CASE STUDY
From Physical Shelf to Online Storefront: How Miinto Scaled Product Data for Offline Retailors with Dyver
About Miinto and Retailors
Miinto is a leading European fashion marketplace connecting hundreds of retail partners across multiple markets. Their platform enables fashion retailers to sell online by aggregating and distributing product catalogs at scale. Product data quality is core to their business: every product listed must meet strict standards before it goes live.
Retailors is one of Miinto's retail partners, selling exclusively Nike products — both current collections and discontinued lines. With a rich physical inventory but no structured digital product data, they needed a way to get their full catalog online, fast and at scale.
The Challenge
Retailors had no ready-made product data. Everything needed to be sourced, built, and formatted from scratch (text, images, attributes, transformations, and mappings), all structured to meet Miinto's strict platform requirements.
Miinto's feed structure leaves no room for error. Every product must satisfy a series of mandatory fields with precise conditions. The main product image alone follows a defined set of rules. For current Nike products, sourcing is straightforward. For discontinued products, Dyver has implemented a custom search plugin as a solution.
The complexity did not stop at product content. Retailors operates across multiple physical store locations, each with its own pricing in local currency and live stock tracked by RFID. A shoe in stock in Copenhagen at one price may be sold out in Oslo and priced differently in Stockholm. Although they had an enriched catalog, this was only half of the problem. The other half was connecting that static content to a physical reality that shifts store by store, every day, with no digital infrastructure bridging the two sides.
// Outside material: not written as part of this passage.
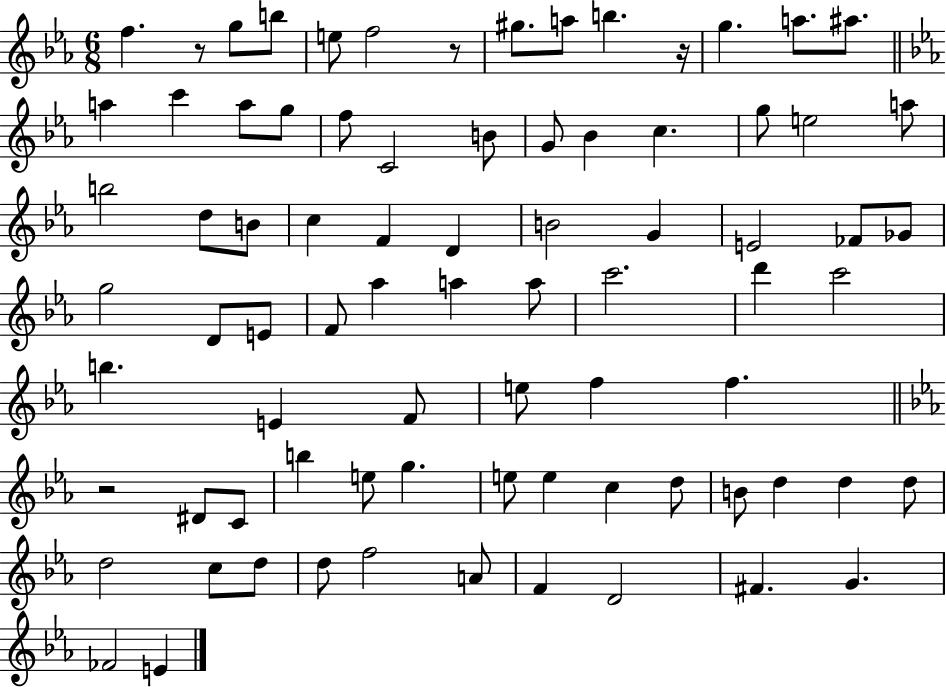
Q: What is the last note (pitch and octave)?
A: E4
Beyond the technical complexity, there was a bigger structural problem. Miinto's model had always required retail partners to arrive with existing digital infrastructure. That quietly excluded an entire category of potential partners: physical retail chains with strong inventory but no e-commerce data. Miinto knew this segment existed. They had no way to reach it.
The Solution
What Miinto and Retailors Wanted from Dyver
Retailors needed a fully automated pipeline that could handle their Nike catalog end to end. Specifically:
- Source product text and images from Nike's official website
- Convert image formats to JPEG and extract attributes for color, size, brand, and product type
- Map everything to Miinto's taxonomy and generate titles and descriptions that met platform standards
- Select the main image that follows Miinto guidelines
- Update stock and prices every 30 minutes
- Handle discontinued products without breaking the feed when no image exists at the source
For Miinto, the goal went further. They wanted a scalable model they could replicate across other offline retail partners, a way to onboard a type of client they had never been able to work with before.
The Dyver Approach
Dyver built a fully automated enrichment pipeline tailored to Miinto's strict feed requirements. Every mandatory field was accounted for. Image sourcing, format conversion, attribute extraction, and data transformation all ran without human input.
For discontinued products, Dyver implemented exception-handling logic that managed missing images without breaking the feed or flagging items for manual review.
Closing the gap between content and physical reality
Enriching the catalog was only part of the work. The approved product data still had to reflect what was actually on the shelf in each store, in real time.
Dyver pulls live price and stock data from each physical location automatically, twice per hour, and merges it with the enriched catalog. Three rules apply consistently:
- In-stock only. Sold-out products are removed from the feed automatically.
- Local pricing. Each store's feed carries prices in its own currency — EUR, NOK, SEK, or DKK.
- Continuous monitoring. If a feed drops below expected volume, the system flags it before it becomes a problem.
The result: a store-accurate feed for each location, updated continuously, without manual input.
The result was a production-ready, enriched product feed covering multiple store locations across different markets, delivered within weeks of the first test output. More importantly, the pipeline became a replicable template: Miinto now has a working model for onboarding any offline retailer, not just partners who already have data ready.
The Outcome
Before Dyver, Retailors had 47,000 product rows in a spreadsheet with bare minimum product data. No titles. No descriptions. No images formatted for digital. No way to know, from that spreadsheet, what was actually on which shelf in which store, at what price, in what currency. The gap between physical inventory and a publishable online feed was total.
After: a live, per-store feed for every location, enriched and updated twice per hour, showing only what is actually in stock, priced in the local currency of each market. The same product carries a Danish-krone price in Copenhagen and a Norwegian-krone price in Oslo. Sold-out items disappear from the feed automatically. The entire pipeline runs without manual input.
The pilot met its daily order targets from the start. Miinto expanded from the initial feed to multiple store feeds connected directly to their platform. The integration performed well enough that Miinto made a deliberate decision to stop building an internal alternative and move fully to Dyver as a paid solution.
The most significant outcome was not operational, it was strategic. For the first time, Miinto can onboard pure offline retailers as marketplace partners. A business segment that was previously unreachable is now open.